Groups debate Supreme Court's power plant ruling

Environmental groups are downplaying the significance of a Supreme Court ruling yesterday that held U.S. EPA may weigh the costs and benefits of new water regulations on power plants.

"We are disappointed, of course, that the court did not affirm the lower court's judgment in its entirety, but nonetheless pleased that the court agreed that EPA is not required to use cost-benefit analysis and left it up to EPA on remand to decide to what extent, if any, cost-benefit analysis should be used in regulating cooling water intake structures," said Alex Matthiessen, president of the New York-based environmental group Riverkeeper, which brought the lawsuit.
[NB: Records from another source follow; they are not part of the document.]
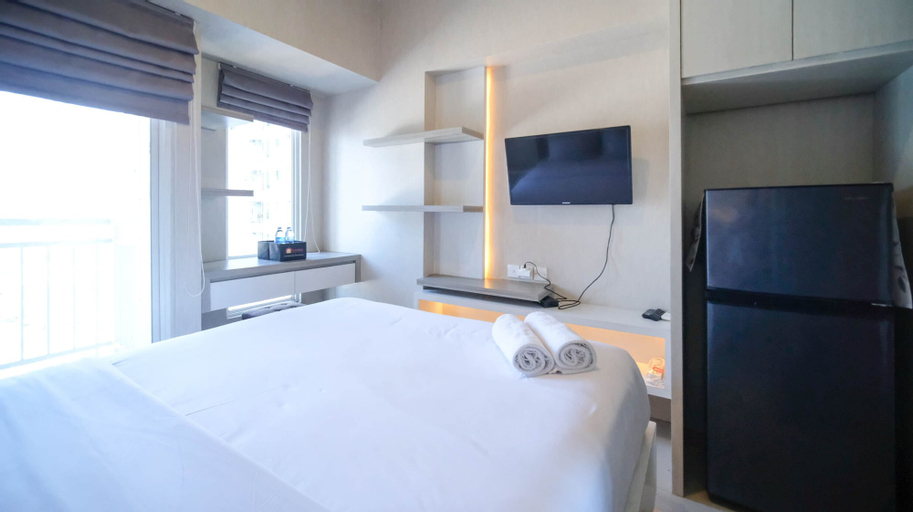 Nice Studio Connected To Mall At Tanglin Supermall Mansion Apartment, Surabaya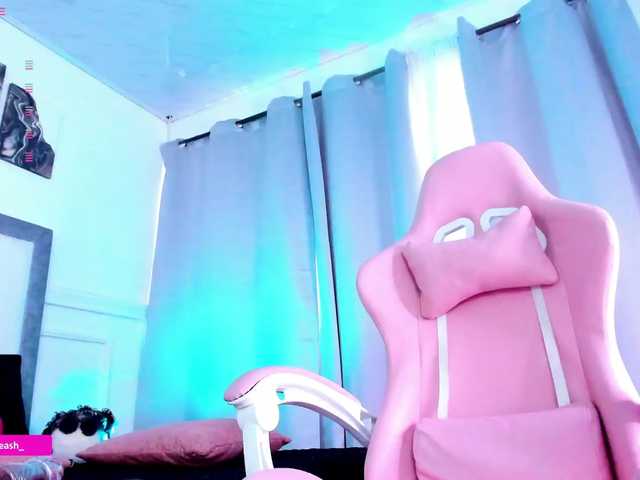Maddieash live cam on BongaCams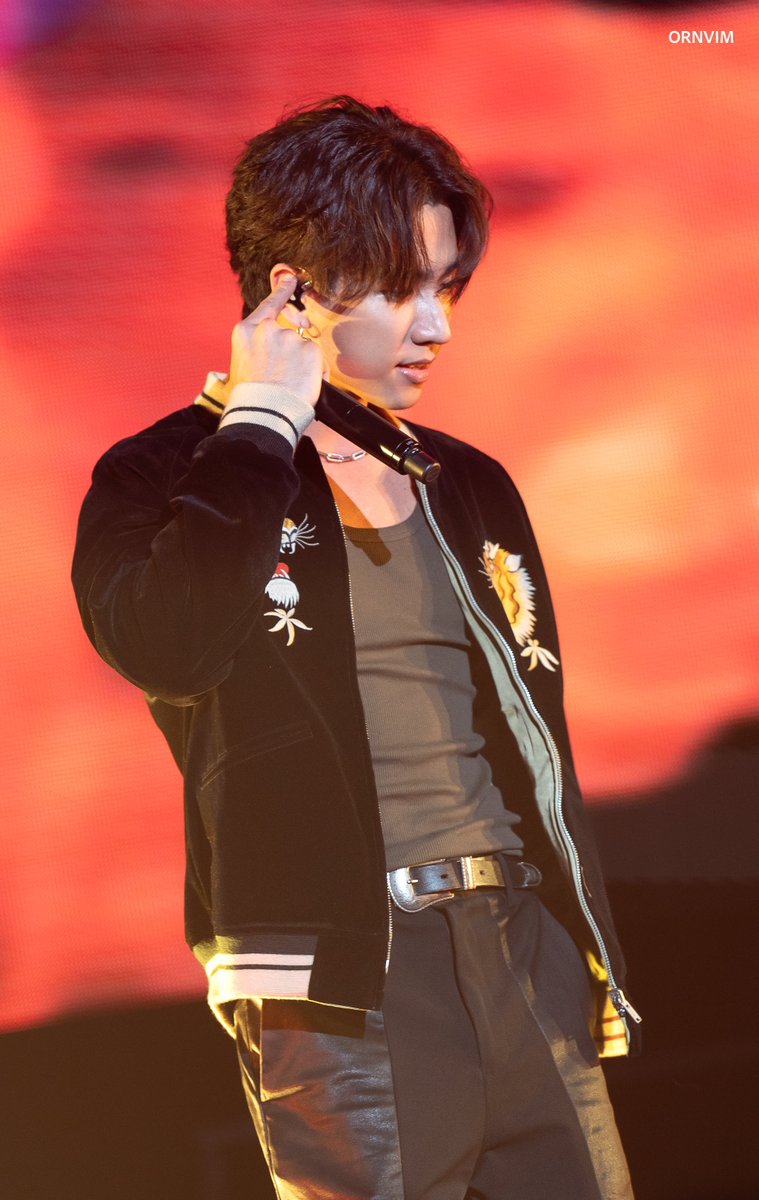 ornvim's tweet image. Always proud of you my boy 🖤

#GMMTVMUSICONDAY2
#GMMTVMUSICON
#PerthTanapon
#KDPPE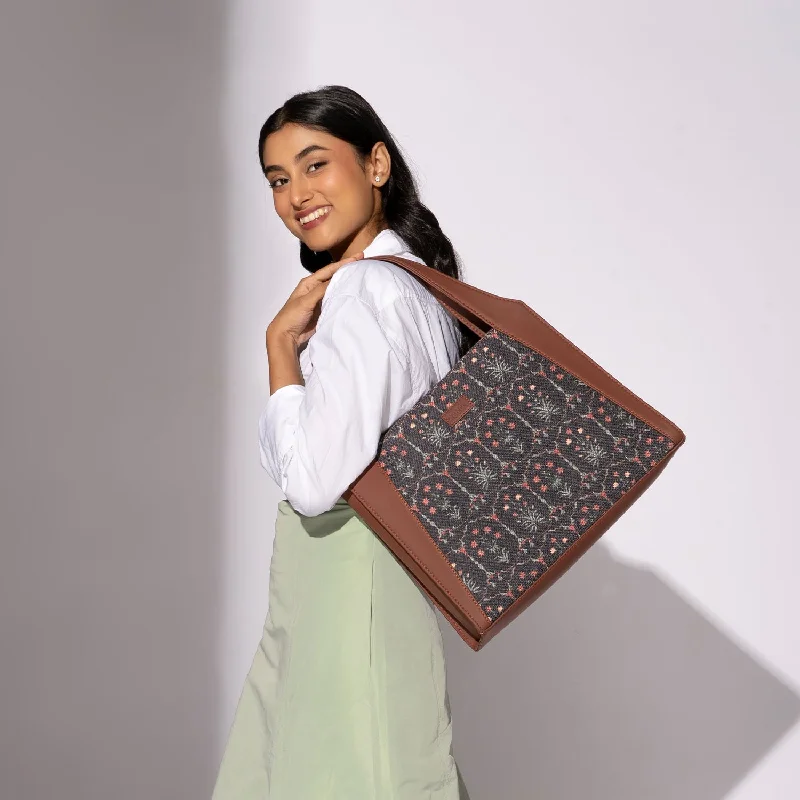 Taj Guldasta Trapezia Tote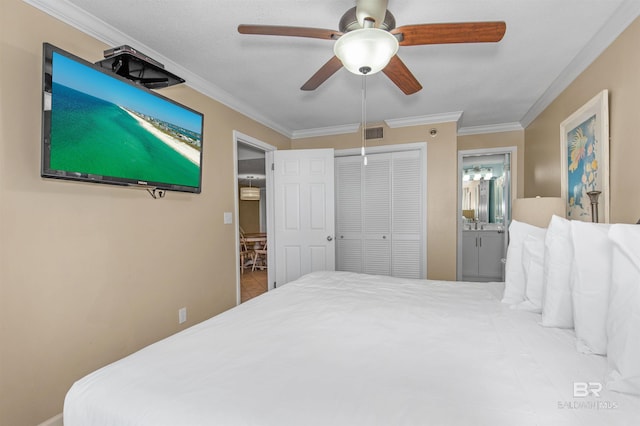 24132 Perdido Beach Blvd Unit 1063, Orange Beach, AL 36561 - bedroom featuring ceiling fan, ensuite bathroom, visible vents, and ornamental molding
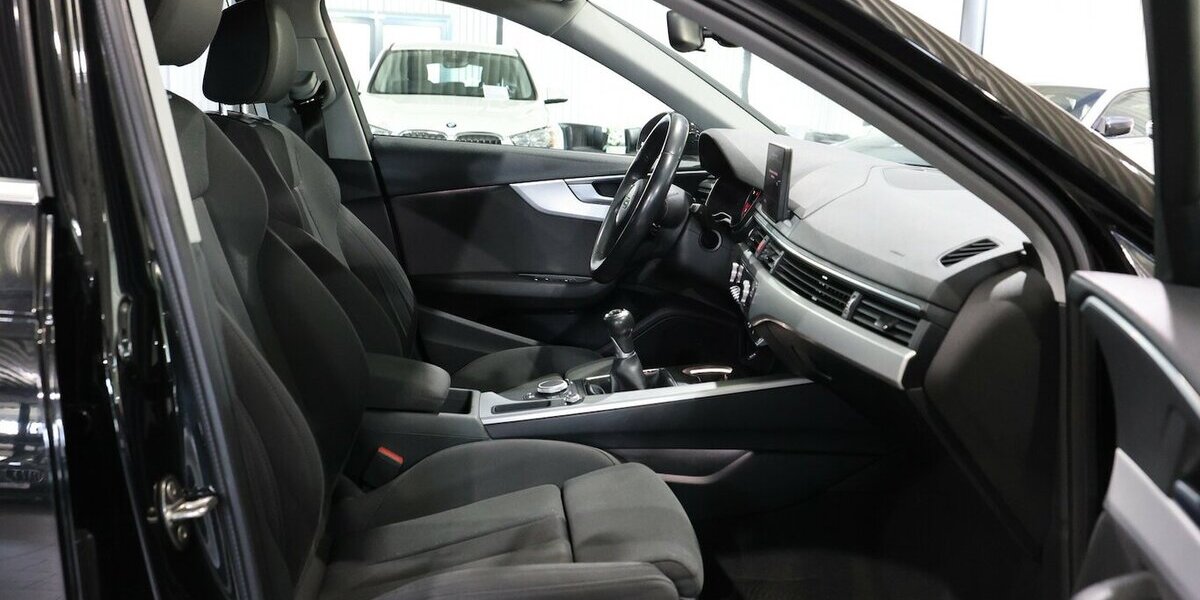 Audi A4 Avant 35 TFSI SPORT / 1.HAND / LED / NAVI+ 108.000 km 17.994 &euro; Hamm 59077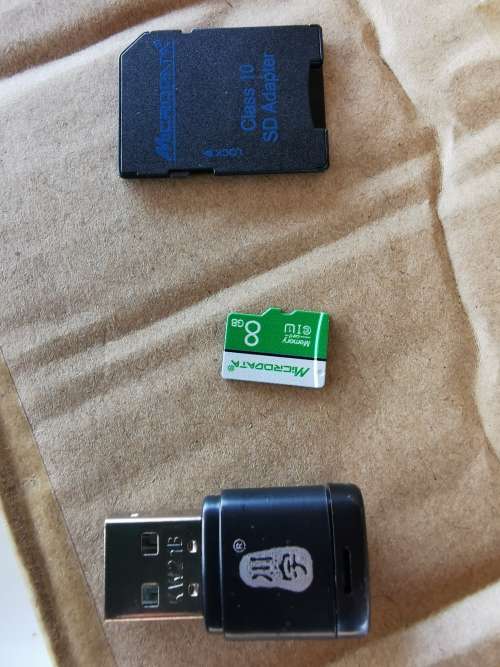 8GB SD card with 2 adapter including card reader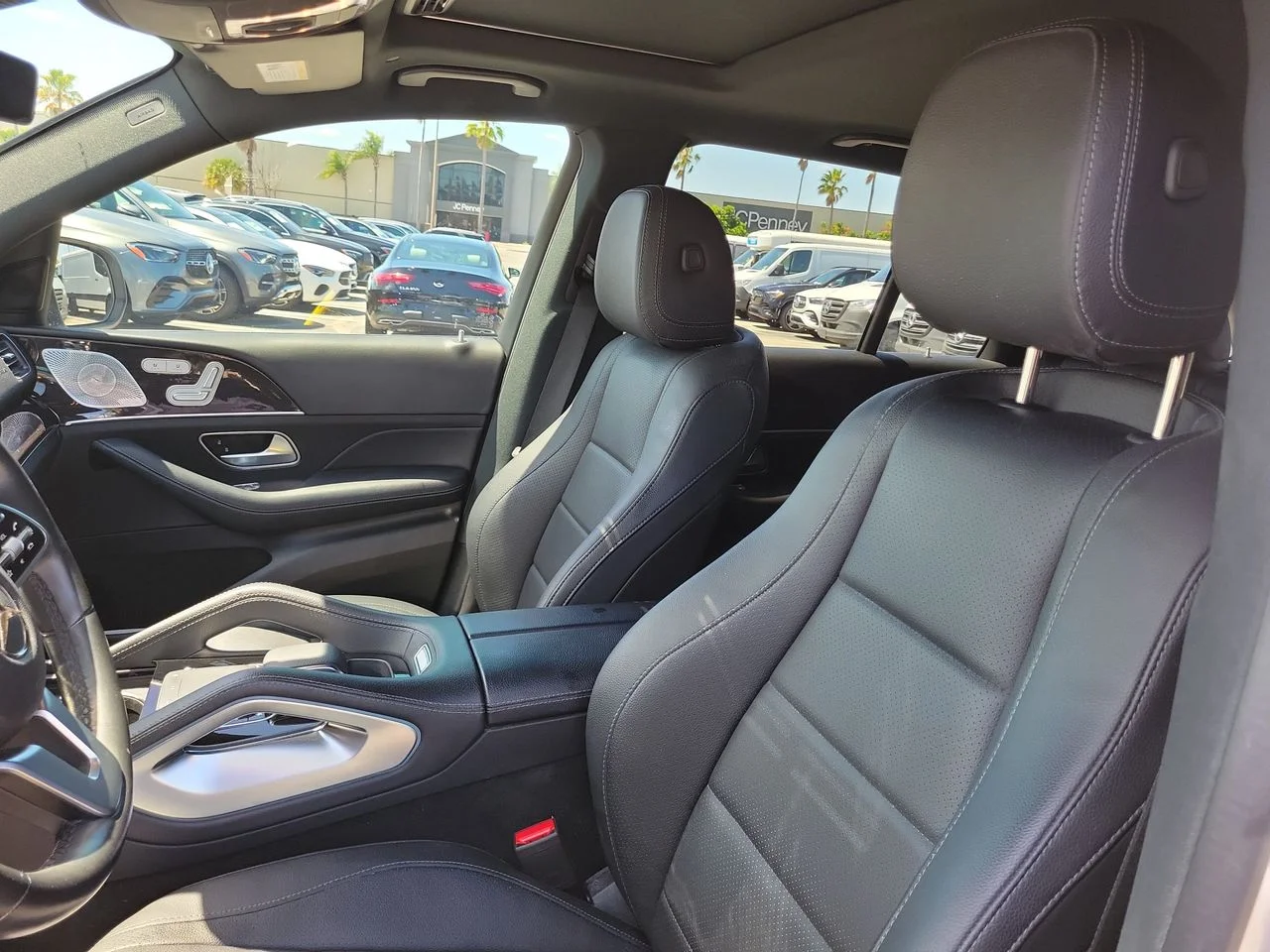 Used 2020 Gray Mercedes-Benz GLE 350 image 24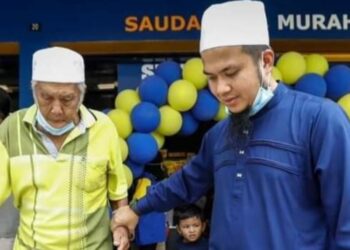 GAMBAR kenangan Ebit Lew bersama bapanya yang dikongsi dalam laman media sosial pendakwah itu, baru-baru ini. - FB EBIT LEW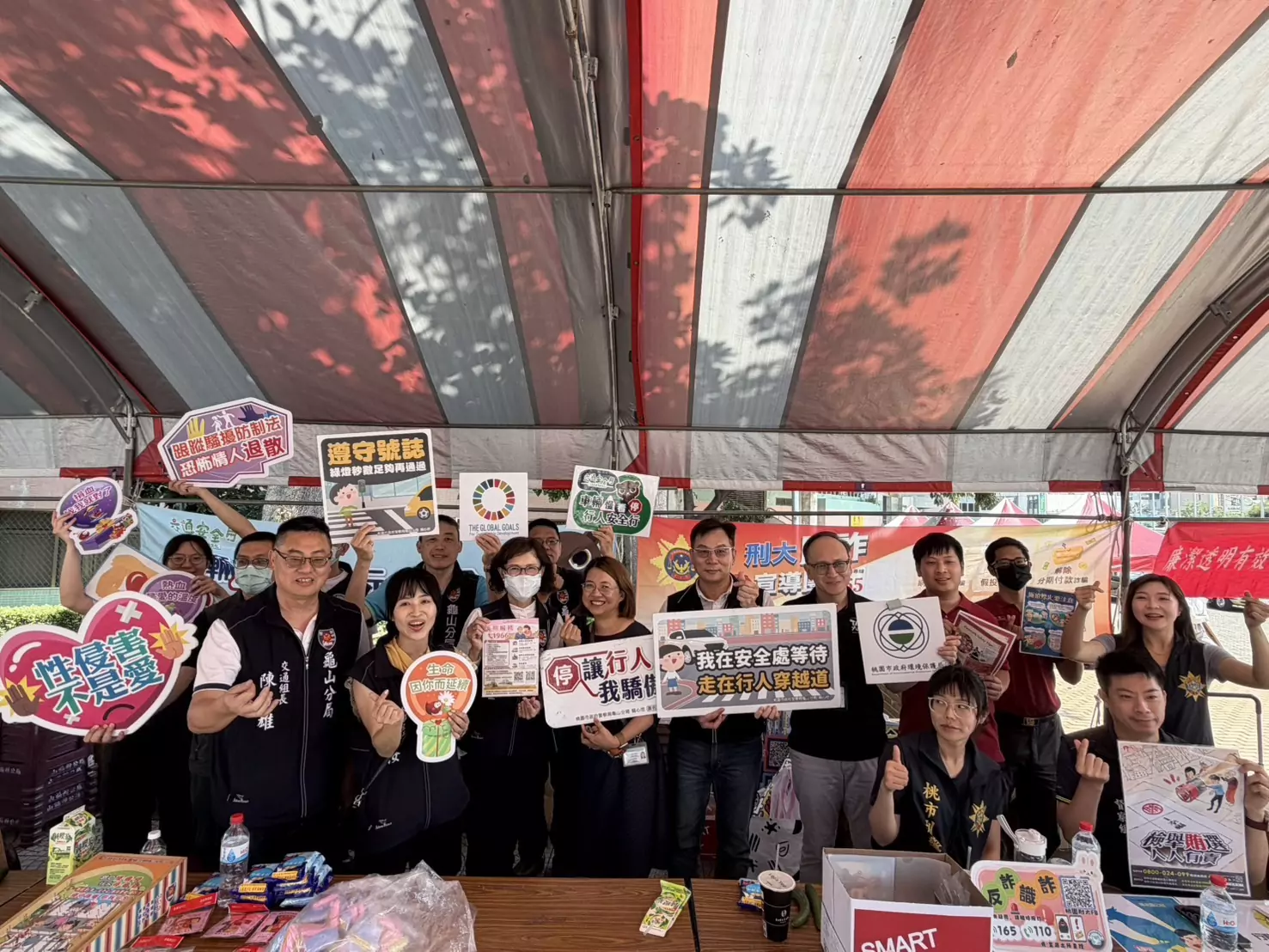龜山分局警察節前夕做公益 民眾賞古董車捐6萬毫升熱血 龜山分局警察節前夕做公益 民眾賞古董車捐6萬毫升熱血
"We are looking forward to working with EPA's new administrator, whom we are confident will agree that the Bush EPA regulations failed to satisfy the Clean Water Act's mandate that the adverse environmental impacts of cooling water intake structures be minimized."

EPA declined to comment on the ruling. But its new administrator, Lisa Jackson, previously led the state environmental agency in New Jersey, one of six coastal states that joined the lawsuit in support of Riverkeeper and a variety of other environmental groups.

"Regardless of whether or not the Supreme Court says power plants are allowed to continue with this wasteful and unnecessary process, the EPA has the authority to require better water use," said Nancy Stoner, co-director of the Natural Resources Defense Council's water program. "EPA should do the right thing and call on power plants to use the smart water technology available to them."


The Supreme Court's majority decision reversed a 2007 ruling by the 2nd U.S. Circuit Court of Appeals, which held that no cost-benefit test could be used to determine the most environmentally friendly technology for withdrawing water from rivers and streams to cool turbines.

At issue is a 2004 rule regulating water intakes on power plants that use at least 50 million gallons of water a day to generate steam for electricity. The rule gives power-plant operators several compliance options -- not just the most expensive but the most environmentally beneficial "closed-cycle system" -- after purportedly considering the cost of the technology and environmental benefits.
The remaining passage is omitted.